▶ **Task requirements**
Search the entries below. Return every line that has "Hoodie" in it.

[Start of Attachment]

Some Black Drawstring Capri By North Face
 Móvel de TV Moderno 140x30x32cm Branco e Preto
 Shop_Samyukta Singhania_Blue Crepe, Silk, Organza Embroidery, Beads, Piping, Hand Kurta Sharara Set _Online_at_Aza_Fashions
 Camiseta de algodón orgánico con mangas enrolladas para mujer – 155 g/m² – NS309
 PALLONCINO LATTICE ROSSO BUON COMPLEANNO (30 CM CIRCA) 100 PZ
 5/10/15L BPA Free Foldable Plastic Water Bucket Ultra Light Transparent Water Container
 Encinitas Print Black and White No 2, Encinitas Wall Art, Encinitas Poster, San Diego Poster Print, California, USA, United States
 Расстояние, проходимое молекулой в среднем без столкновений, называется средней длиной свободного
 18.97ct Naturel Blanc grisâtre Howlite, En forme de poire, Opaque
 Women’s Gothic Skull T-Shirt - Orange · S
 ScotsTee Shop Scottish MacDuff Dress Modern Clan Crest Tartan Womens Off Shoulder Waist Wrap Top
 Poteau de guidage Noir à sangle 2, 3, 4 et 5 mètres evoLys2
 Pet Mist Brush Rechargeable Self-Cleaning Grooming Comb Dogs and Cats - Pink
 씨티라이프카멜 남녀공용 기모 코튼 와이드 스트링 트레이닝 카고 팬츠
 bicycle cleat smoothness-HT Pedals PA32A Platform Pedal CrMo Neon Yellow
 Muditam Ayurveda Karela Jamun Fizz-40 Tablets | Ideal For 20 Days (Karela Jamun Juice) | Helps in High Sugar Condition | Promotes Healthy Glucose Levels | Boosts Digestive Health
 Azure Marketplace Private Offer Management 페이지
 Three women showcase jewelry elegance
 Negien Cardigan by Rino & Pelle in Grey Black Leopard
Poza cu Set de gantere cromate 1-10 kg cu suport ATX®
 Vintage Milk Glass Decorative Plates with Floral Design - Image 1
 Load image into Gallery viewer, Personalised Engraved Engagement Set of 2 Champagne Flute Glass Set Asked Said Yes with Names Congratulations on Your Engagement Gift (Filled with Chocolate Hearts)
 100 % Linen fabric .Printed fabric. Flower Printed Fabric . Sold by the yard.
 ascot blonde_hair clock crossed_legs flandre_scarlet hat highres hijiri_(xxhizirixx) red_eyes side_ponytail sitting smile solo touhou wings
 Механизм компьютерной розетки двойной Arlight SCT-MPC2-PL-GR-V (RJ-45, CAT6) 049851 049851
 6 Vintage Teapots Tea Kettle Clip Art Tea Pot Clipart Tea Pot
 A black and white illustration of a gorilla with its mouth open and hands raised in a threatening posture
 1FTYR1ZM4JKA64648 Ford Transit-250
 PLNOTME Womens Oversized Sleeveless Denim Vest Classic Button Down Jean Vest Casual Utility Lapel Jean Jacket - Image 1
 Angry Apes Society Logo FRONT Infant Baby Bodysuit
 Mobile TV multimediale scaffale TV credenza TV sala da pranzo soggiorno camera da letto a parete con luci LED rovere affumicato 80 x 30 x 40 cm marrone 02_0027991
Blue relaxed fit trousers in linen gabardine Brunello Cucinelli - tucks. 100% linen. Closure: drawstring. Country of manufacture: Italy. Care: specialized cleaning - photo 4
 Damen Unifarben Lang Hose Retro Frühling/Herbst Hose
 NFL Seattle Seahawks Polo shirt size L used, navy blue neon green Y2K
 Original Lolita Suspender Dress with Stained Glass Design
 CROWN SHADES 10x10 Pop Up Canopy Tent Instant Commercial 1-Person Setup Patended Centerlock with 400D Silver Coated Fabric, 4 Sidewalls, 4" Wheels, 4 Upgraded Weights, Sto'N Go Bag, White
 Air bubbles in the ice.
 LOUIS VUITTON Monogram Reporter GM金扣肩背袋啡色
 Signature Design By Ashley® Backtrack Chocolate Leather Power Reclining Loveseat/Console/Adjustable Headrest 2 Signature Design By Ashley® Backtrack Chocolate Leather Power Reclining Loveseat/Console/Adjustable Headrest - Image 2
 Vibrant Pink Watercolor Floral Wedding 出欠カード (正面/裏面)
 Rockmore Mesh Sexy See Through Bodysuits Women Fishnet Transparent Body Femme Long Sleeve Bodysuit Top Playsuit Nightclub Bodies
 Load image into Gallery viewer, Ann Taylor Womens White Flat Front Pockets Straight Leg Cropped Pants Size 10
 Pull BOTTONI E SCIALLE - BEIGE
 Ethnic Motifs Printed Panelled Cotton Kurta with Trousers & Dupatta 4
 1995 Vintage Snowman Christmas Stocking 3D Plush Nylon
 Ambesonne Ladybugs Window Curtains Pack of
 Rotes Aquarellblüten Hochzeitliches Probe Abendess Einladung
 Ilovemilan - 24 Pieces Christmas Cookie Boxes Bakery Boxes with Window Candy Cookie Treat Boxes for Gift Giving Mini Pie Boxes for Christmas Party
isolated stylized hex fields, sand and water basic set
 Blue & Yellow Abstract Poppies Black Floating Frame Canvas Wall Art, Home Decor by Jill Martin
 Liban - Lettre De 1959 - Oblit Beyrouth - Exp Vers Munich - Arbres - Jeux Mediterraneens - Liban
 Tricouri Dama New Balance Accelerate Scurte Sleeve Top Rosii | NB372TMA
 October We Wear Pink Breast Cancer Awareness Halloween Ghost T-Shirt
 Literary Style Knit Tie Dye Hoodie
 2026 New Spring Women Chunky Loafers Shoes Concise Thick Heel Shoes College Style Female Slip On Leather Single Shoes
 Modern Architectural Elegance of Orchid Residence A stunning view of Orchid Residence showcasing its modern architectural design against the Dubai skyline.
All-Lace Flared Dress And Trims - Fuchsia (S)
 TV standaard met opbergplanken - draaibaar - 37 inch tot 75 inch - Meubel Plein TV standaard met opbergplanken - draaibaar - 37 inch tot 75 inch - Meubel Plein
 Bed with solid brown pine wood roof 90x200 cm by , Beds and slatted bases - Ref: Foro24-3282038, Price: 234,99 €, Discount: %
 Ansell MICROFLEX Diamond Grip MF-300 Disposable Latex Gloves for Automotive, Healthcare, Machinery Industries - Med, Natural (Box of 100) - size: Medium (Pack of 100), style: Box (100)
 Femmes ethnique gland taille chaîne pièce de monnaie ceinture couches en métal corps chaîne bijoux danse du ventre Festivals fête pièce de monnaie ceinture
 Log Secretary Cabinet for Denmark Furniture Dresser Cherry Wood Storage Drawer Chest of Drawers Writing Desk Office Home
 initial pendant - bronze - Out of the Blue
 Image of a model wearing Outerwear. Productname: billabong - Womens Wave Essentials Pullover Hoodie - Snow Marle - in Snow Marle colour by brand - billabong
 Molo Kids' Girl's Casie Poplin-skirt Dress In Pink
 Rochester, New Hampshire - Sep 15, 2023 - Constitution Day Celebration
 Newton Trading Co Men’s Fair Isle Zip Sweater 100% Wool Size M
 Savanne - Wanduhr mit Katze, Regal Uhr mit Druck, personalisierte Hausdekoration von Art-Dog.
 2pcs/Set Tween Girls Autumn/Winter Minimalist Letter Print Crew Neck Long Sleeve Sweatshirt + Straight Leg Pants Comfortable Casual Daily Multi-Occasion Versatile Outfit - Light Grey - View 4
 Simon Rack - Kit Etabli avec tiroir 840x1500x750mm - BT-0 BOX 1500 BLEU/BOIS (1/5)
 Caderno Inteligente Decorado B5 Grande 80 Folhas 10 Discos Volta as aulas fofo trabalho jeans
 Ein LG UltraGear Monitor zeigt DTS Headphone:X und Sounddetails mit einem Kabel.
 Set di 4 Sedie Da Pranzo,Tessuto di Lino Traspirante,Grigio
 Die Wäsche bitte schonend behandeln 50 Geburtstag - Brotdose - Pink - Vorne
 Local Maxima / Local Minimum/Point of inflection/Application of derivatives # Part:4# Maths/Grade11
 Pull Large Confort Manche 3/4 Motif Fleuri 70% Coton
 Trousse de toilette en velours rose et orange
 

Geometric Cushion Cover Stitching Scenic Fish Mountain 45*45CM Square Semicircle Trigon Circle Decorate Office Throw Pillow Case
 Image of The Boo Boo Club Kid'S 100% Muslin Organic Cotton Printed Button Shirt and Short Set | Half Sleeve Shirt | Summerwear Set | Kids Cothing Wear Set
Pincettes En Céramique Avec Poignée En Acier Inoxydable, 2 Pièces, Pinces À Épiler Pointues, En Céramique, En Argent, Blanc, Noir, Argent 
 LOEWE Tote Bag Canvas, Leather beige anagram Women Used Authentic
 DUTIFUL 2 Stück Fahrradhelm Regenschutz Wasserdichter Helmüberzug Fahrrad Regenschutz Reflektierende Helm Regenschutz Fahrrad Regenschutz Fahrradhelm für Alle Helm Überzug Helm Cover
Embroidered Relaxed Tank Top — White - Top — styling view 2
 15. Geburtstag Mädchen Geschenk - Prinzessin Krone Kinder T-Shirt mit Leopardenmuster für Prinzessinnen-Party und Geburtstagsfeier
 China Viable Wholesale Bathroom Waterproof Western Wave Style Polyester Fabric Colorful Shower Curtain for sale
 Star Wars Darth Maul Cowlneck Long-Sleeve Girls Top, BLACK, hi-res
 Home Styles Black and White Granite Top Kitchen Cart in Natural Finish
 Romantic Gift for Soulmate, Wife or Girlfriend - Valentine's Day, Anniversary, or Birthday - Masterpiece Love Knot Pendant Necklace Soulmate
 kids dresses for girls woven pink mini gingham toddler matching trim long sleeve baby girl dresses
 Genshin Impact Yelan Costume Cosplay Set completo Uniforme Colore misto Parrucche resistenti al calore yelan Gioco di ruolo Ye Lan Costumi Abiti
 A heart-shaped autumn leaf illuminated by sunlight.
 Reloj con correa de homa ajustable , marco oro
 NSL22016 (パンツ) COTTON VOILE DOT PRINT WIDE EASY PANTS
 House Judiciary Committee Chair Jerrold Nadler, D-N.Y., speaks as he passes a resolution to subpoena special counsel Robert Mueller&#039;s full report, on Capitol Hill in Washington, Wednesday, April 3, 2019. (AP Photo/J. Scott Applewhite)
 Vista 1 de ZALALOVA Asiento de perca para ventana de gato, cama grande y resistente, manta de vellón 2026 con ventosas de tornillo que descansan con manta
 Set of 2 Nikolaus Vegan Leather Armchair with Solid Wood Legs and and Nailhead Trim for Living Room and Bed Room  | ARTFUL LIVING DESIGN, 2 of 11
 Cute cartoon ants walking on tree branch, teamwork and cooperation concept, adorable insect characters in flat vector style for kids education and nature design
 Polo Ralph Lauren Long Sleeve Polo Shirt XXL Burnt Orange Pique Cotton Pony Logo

[End of Attachment]

▶ **Solution to this exercise**
 Literary Style Knit Tie Dye Hoodie
 Image of a model wearing Outerwear. Productname: billabong - Womens Wave Essentials Pullover Hoodie - Snow Marle - in Snow Marle colour by brand - billabong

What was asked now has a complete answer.